Management needs to act, and locking yourself in, if it’s the only choice, go for it.
In the case of IT, composing across clouds is pretty common because it solves problems. Note I am not talking about brokerage or constant migration or other such nonsense. I’m talking about treating your clouds as a portfolio where you have levels of investment for particular reasons, and can make long run decisions about upping or lowering investment in. You compose across them. Salesforce for CRM, AWS for my front end apps, Google for my analytics, Azure and O365 for internal apps, whatever. It’s reality.
Forcing everything on one cloud, boy I donno. For an SMB, sure.
My point is, don’t tell me how tasty and good for me the shit sandwich I am forced to eat is. Users of EPIC hate it, that’s a market opportunity.

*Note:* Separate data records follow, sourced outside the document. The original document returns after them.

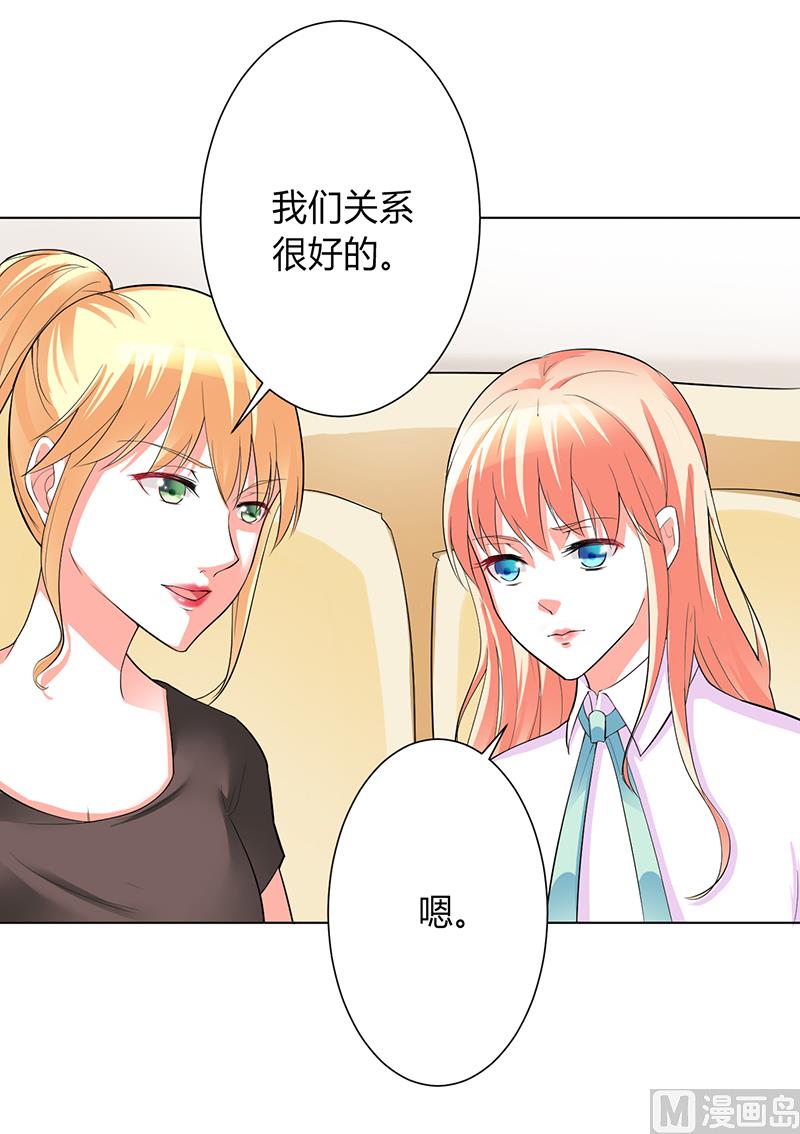 致命甜妻 男神纳命来韩漫全集-第93话 黑白颠倒无删减无遮挡章节图片 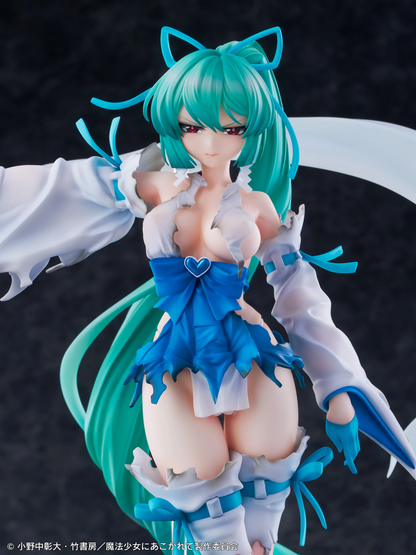 Minakami Sayo Gushing over Magical Girls DX Ver. Wing - Anime Figuren günstig kaufen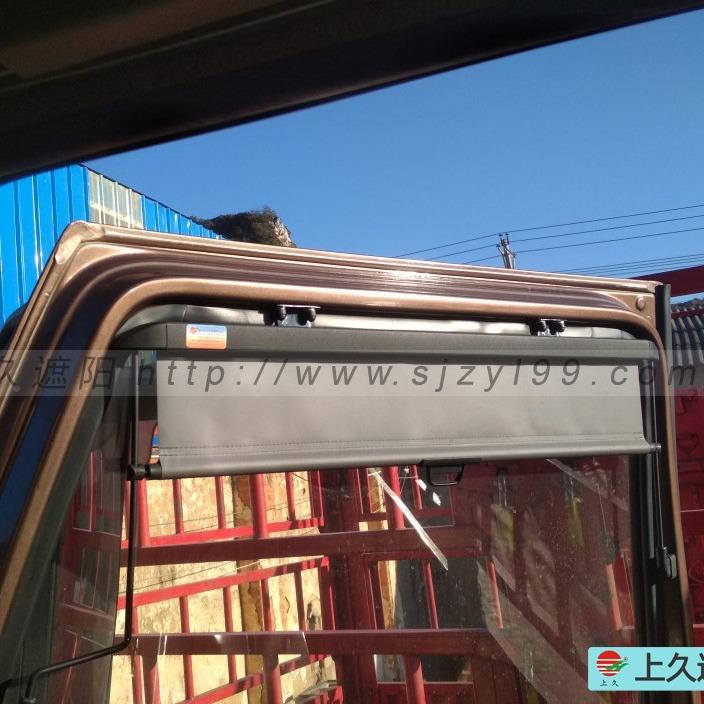 上遮阳重汽重卡遮阳帘窗272司机车门伸遮光缩窗久帘下拉弹簧卷帘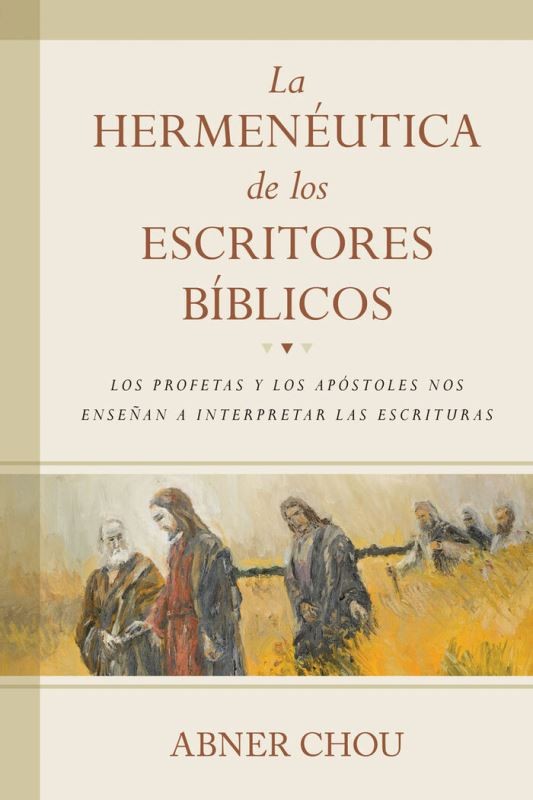 hermeneutica de los escritores biblicos 
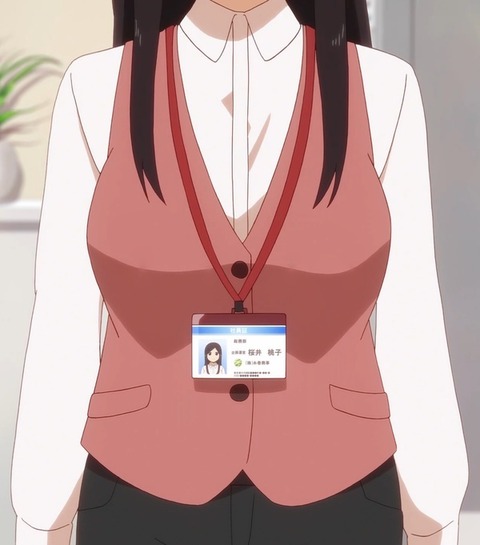 (256)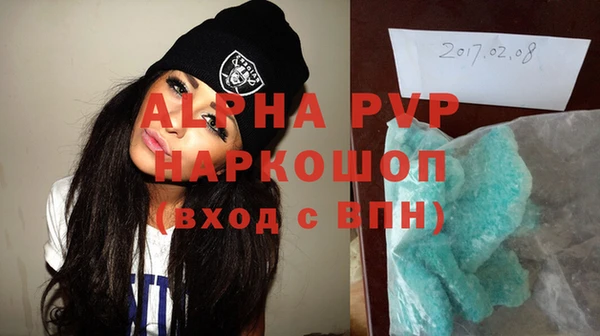 мяу мяу кристалл Медвежьегорск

Yes, it is helping me go to market faster. Because the biggest lie people tell themselves is that you can separate the operations of a service from its development. They’re intrinsically linked.
Netflix for example has a metric ton of OSS they’ve built to ensure smooth global operations even though they for a long time ran exclusively on AWS, and have now gone multi-cloud. I wonder why that is? Could it be that running a large service efficiently requires more than clicking some boxes and swiping a credit card?
Apple also is multi cloud and has been investing heavily in Kubernetes talent. I wonder why that is?
Handing developers the keys to the use any managed cloud service without regard to quality or price and especially when they don’t know what they’re doing operationally, hurts my go to market and risk posture when
- I get hit by hacks because they didn’t understand the security posture of the service
- I get hit by bugs that they didn’t know existed But thought that cloud magically makes software bug free
- The solution doesn’t perform or scale because the developers didn’t understand the nuances of a particular cloud’s networking or storage abstraction
- I have 15 different ways deploys of solving the same problem and nothing coordinated
- I have outages due to poor AZ or region planning
Now look, I think it’s great to avoid undifferentiated heavy lifting. I wasn’t implying that I was racking and stacking , or managing my own artisanally installed Kubernetes clusters, I have one that is automated from one of the many solutions out there.
This is purely about choosing the abstractions that I run my business on. I would rather use open and composable abstractions than proprietary dead ends... UNLESS it’s a throw away experiment or skunkworks and even then I’d be skeptical.
Tell me what staff I am saving by running a database on a Kubernetes cluster vs. RDS or Cloud SQL? I still maybe need a DBA. I still need to have someone keep an eye on upgrades , availability, and Performance across the fleet (which aren’t necessarily automagical). I still am responsible for the overall security posture.
We aren’t talking about racking and stacking servers and switches here, we are talking about administrator to server or administrator to developer ratios. And while you certainly can have a terrible ratio with Kubernetes (it’s early days) you also can get that down to a very respectable number with good practices and modern tools + abstractions.
As an aside, monolithic EMR/EHR systems are the bane of most health systems’ existence and the vendors like Cerner and EPIC know they have to change (to various degrees) or they will be changed by the market.
Multi cloud undoubtedly saves me money and risk because (a) there is no large company in existence outside of AWS, Google and Microsoft that won’t be multi cloud due to M&A and risk posture (b) I can use the right tools for the job in the particular cloud if they do have a unique offering (c) I can play them off each other when prices and quality suffer. (D) I can use the OSS that is driving the industry rather than using expensive knock offs (looking at you Kinesis!)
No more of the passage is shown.